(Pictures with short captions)

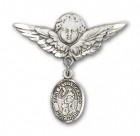Pin Badge with St. Peter Nolasco Charm and Angel with Larger Wings Badge Pin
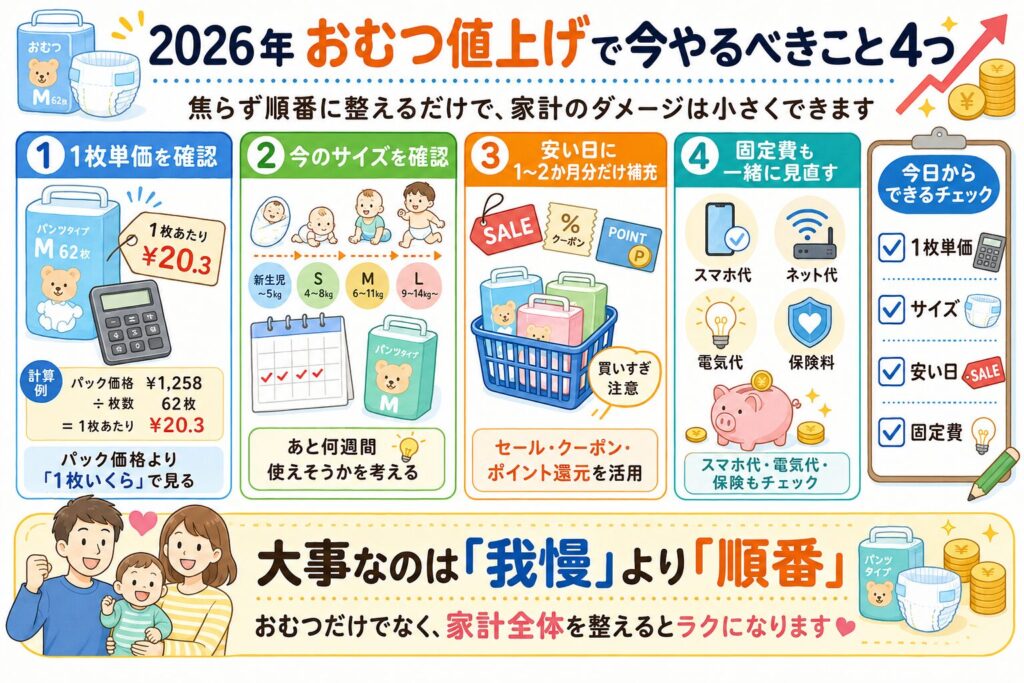 2026年のおむつ値上げで今やるべきこととして、1枚単価の確認、サイズ確認、安い日の補充、固定費見直しをまとめたオムツ家計対策の画像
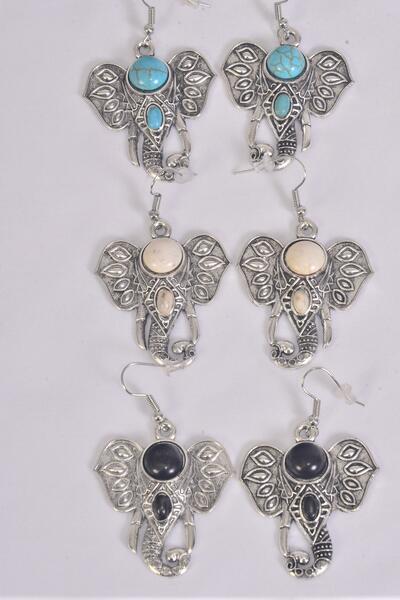 Earrings Metal Antique Elephant Semiprecious Stone / 12 pair = Dozen match 70010  Fish Hook , Size - 1.25" x 1.25" Wide , 4 Black , 4 Ivory  , 4 Turquoise Color Asst , Earring Card & OPP Bag & UPC Code 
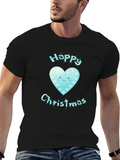 Happy Christmas Heart Graphic Tee - Black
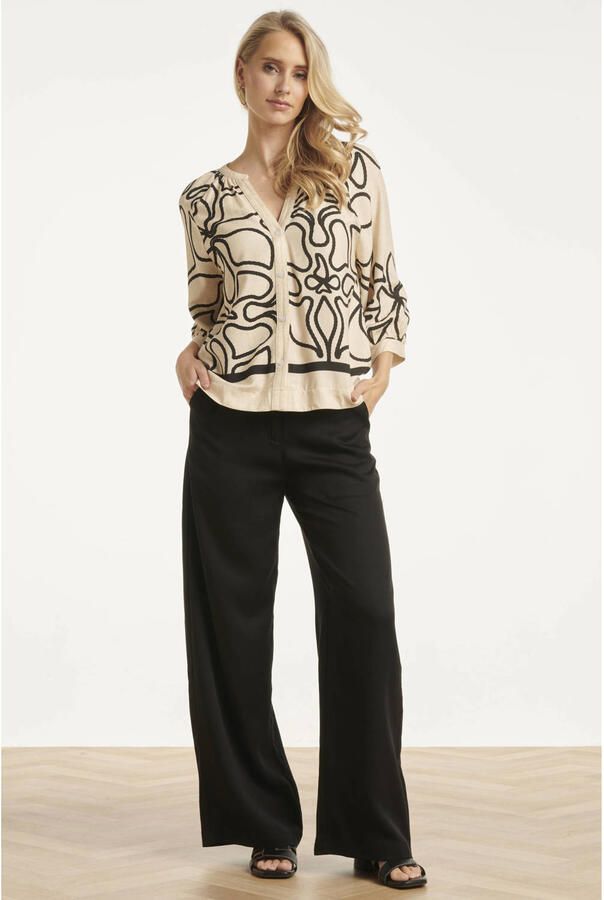 Smashed Lemon gebloemde blouse met linnen ecru
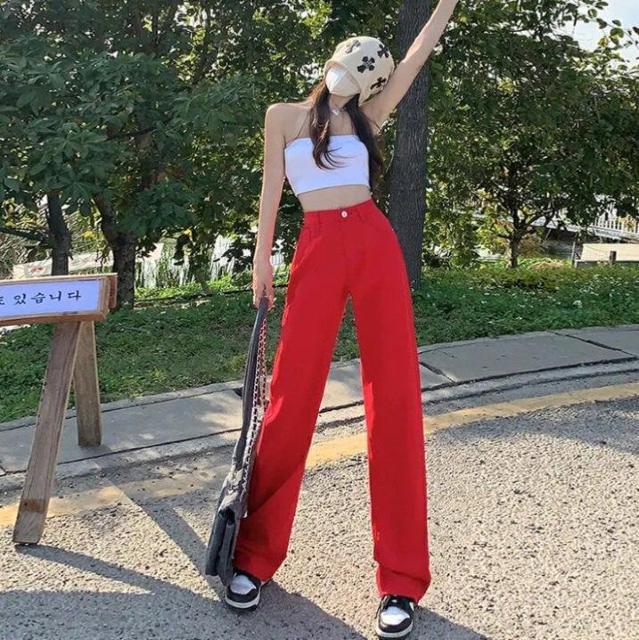 ★大きいサイズ脚長効果★赤レッドビタミンカラー可愛い♪綿コットン快適天然素材♪ロングワイドストレート☆お洒落カラーデニムパンツ < 女性ファッション  ★大きいサイズ脚長効果★赤レッドビタミンカラー可愛い♪綿コットン快適天然素材♪ロングワイドストレート☆お洒落カラーデニムパンツ < 女性ファッションの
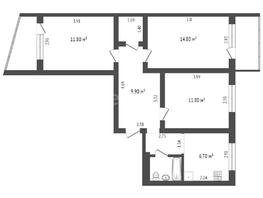 Продается 3-комнатная квартира Уральская ул, 65.1  м², 5990000 рублей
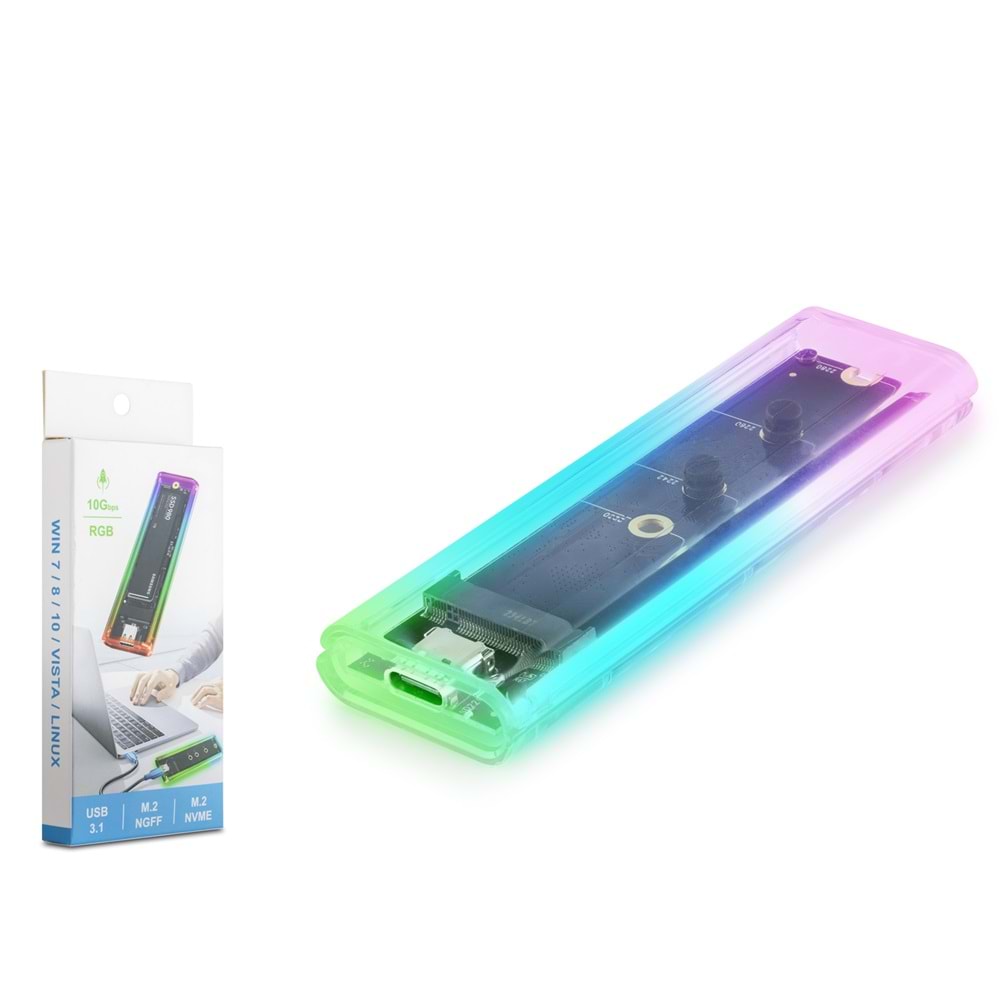 HADRON HDX1770 M.2 NVMe/NGFF Harici SSD Kutusu USB/Type-C 10 Gbps Çift Arabirim RGB - Şeffaf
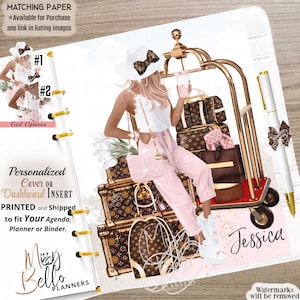 May include: A personalized planner dashboard insert featuring an illustration of a person in a white hat and pink outfit sitting on stacked brown patterned luggage next to a gold luggage cart. The text reads Missy Bello Planners and Jessica.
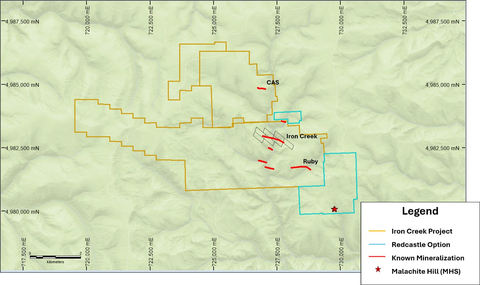 Figure 2. Location of Redcastle Agreement Property and Malachite Hill Showing (Graphic: Business Wire)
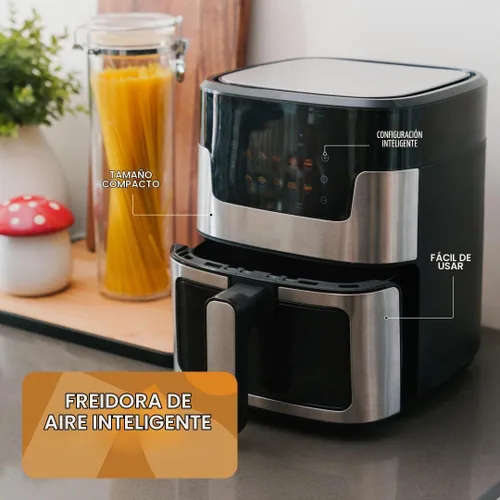 Vista 2 de Stilaris - Freidora de aire digital de 4.5 L, compacta y no tóxica para cocinas pequeñas, fácil de usar con controles táctiles de precisión, comidas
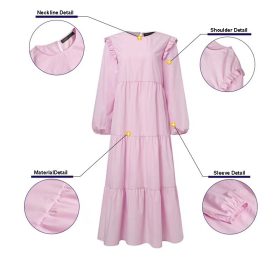 Women Long Sleeve Ruffled Casual Tiered Layered Muslim Long Dress Maxi Dress SZ143 - Pink - Image 4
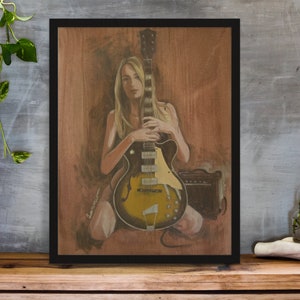 Oil Painting - Pinup Guitar Woman with Swingmaster Electric Guitar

— How to complete this task —
Restate the lines above from the one containing "May include: A" through the one containing "Figure 2. Location", inclusive, exactly and without pictures.

— The completed task —
 May include: A personalized planner dashboard insert featuring an illustration of a person in a white hat and pink outfit sitting on stacked brown patterned luggage next to a gold luggage cart. The text reads Missy Bello Planners and Jessica.
 Figure 2. Location of Redcastle Agreement Property and Malachite Hill Showing (Graphic: Business Wire)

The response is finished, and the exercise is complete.